How to extract music sources: bass, drums, vocals and other ? – music separation with AI

07 Sep 2021

calculator

In this article I will show how we can extract music sources: bass, drums, vocals and other accompaniments using neural networks.

Before you will continue reading please watch short introduction:

Separation of individual instruments from arranged music is another area where machine learning algorithms could help. Demucs solves this problem using neural networks.

The trained model (https://arxiv.org/pdf/1909.01174v1.pdf) use U-NET architecture which contains two parts encoder and decoder. On the encoder input we put the original track and after processing we get bass, drums, vocals and other accompaniments at the decoder output.

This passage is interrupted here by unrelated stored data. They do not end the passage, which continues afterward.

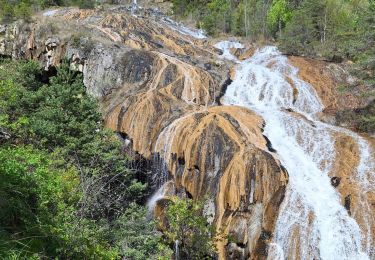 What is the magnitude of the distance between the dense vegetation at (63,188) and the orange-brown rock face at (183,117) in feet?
7.43

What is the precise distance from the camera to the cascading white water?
1431cm

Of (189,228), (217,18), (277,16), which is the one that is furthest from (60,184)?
(217,18)

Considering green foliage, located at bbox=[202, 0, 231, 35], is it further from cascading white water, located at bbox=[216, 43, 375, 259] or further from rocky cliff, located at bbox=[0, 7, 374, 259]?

The encoder, is connected to the decoder, through additional LSTM layer, as well as residual connections between subsequent layers.

neural network architecture

Ok, we have neural network architecture but what about the training data ? This is another difficulty which can be handled by the unlabeled data remixing pipeline.

We start with another classifier, which can find the parts of music, which do not contain the specific instruments, for example drums. Then, we mix it with well known drums signal, and separate the tracks using the model.

Now we can compare, the separation results, with known drums track and mixture of other instruments.

According to this, we can calculate the loss (L1 loss), and use it during the training.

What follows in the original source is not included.